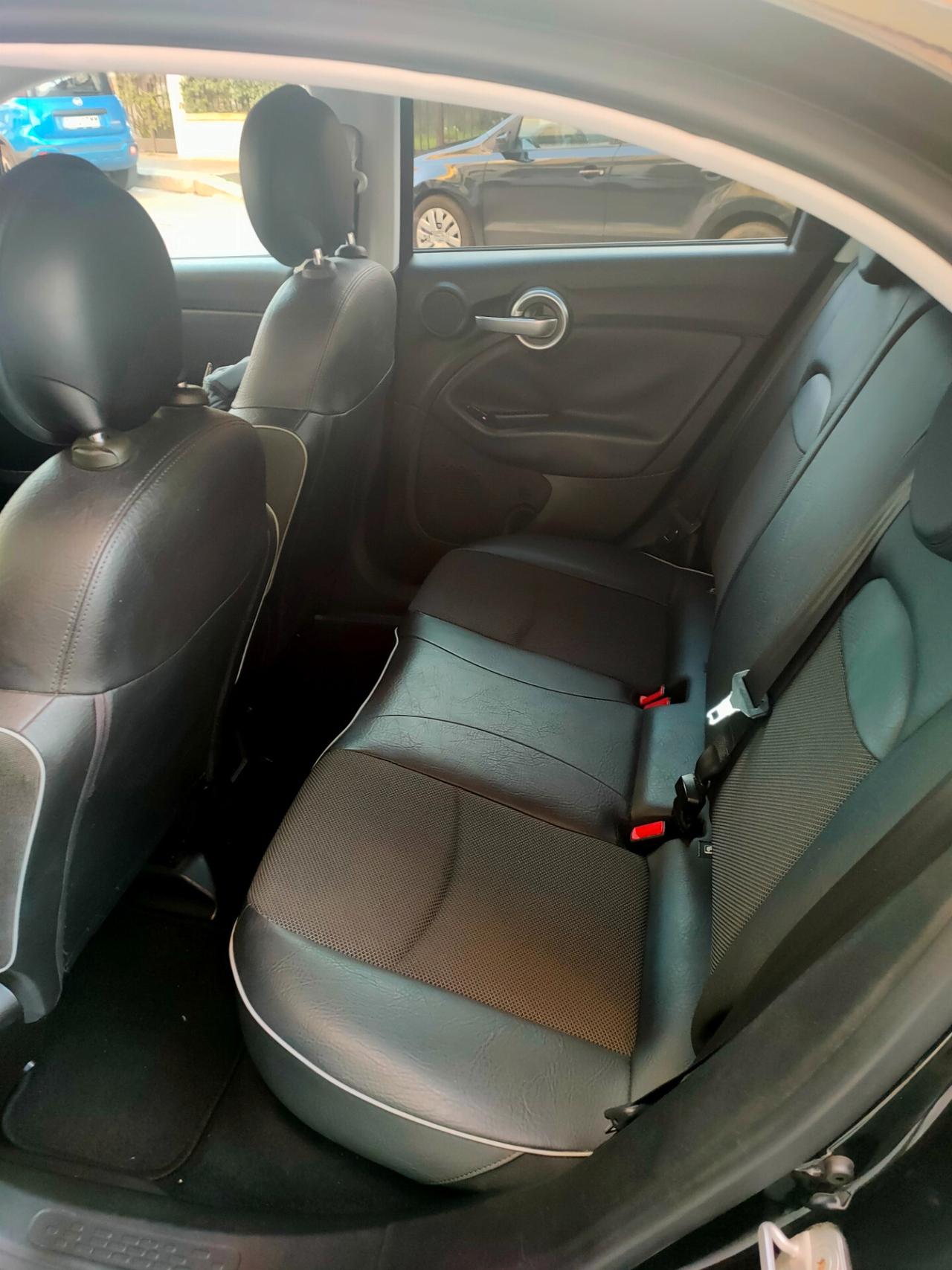 Fiat 500X 2.0 MultiJet 140 CV AT9 4x4 Cross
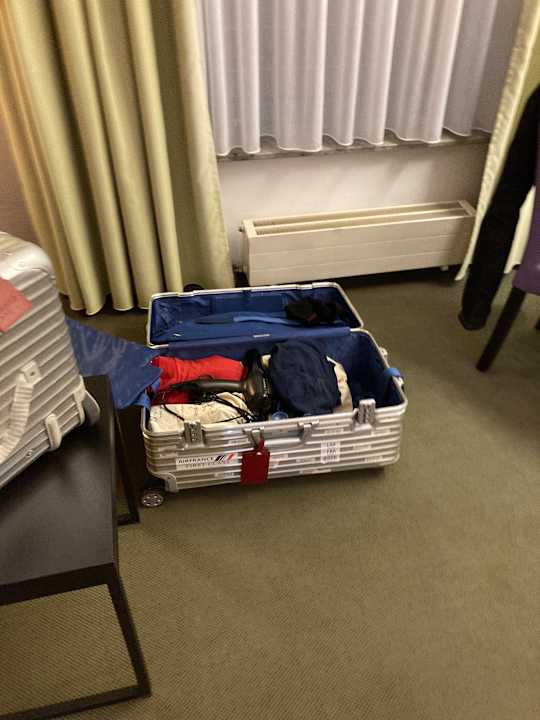 Zimmer Best Western Parkhotel Brehna - Halle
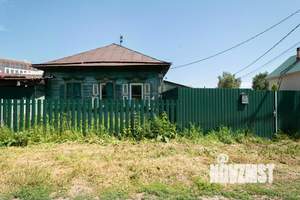 Дом 52м², 1-этажный, участок 9 сот.  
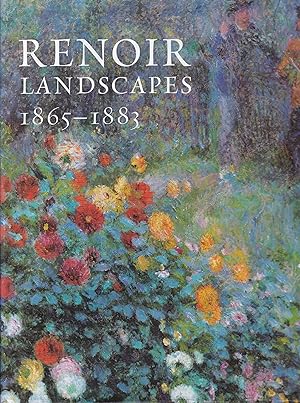 Bild des Verkufers fr Renoir Landscapes 1865-1883 zum Verkauf von Paul Brown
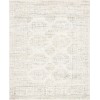 Loloi Vestige White / Stone VQ-01 4ft. X 6ft. Rect. Rug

▬▬▬▬▬▬▬▬▬▬

Restate the records above in full, word for word. Keep pictures out.

- Solution to this exercise
 Fiat 500X 2.0 MultiJet 140 CV AT9 4x4 Cross
 Zimmer Best Western Parkhotel Brehna - Halle
 Дом 52м², 1-этажный, участок 9 сот.  
 Bild des Verkufers fr Renoir Landscapes 1865-1883 zum Verkauf von Paul Brown
 Loloi Vestige White / Stone VQ-01 4ft. X 6ft. Rect. Rug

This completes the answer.